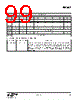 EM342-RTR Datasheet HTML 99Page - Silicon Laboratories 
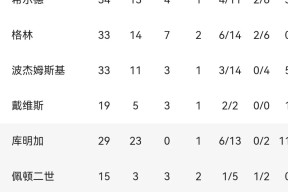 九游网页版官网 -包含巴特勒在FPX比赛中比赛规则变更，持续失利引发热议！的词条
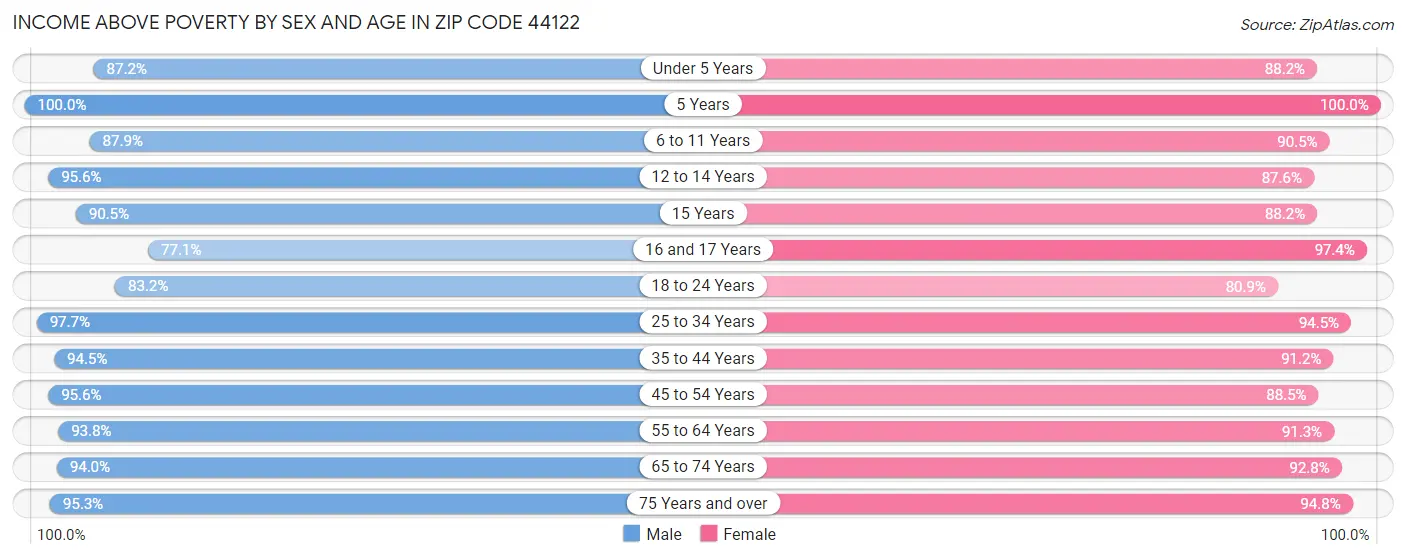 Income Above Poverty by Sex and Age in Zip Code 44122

==========

## WHAT THE TASK ASKS
Return the material exactly as given, apart from the pictures.

## TASK SOLUTION
 EM342-RTR Datasheet HTML 99Page - Silicon Laboratories 
 九游网页版官网 -包含巴特勒在FPX比赛中比赛规则变更，持续失利引发热议！的词条
 Income Above Poverty by Sex and Age in Zip Code 44122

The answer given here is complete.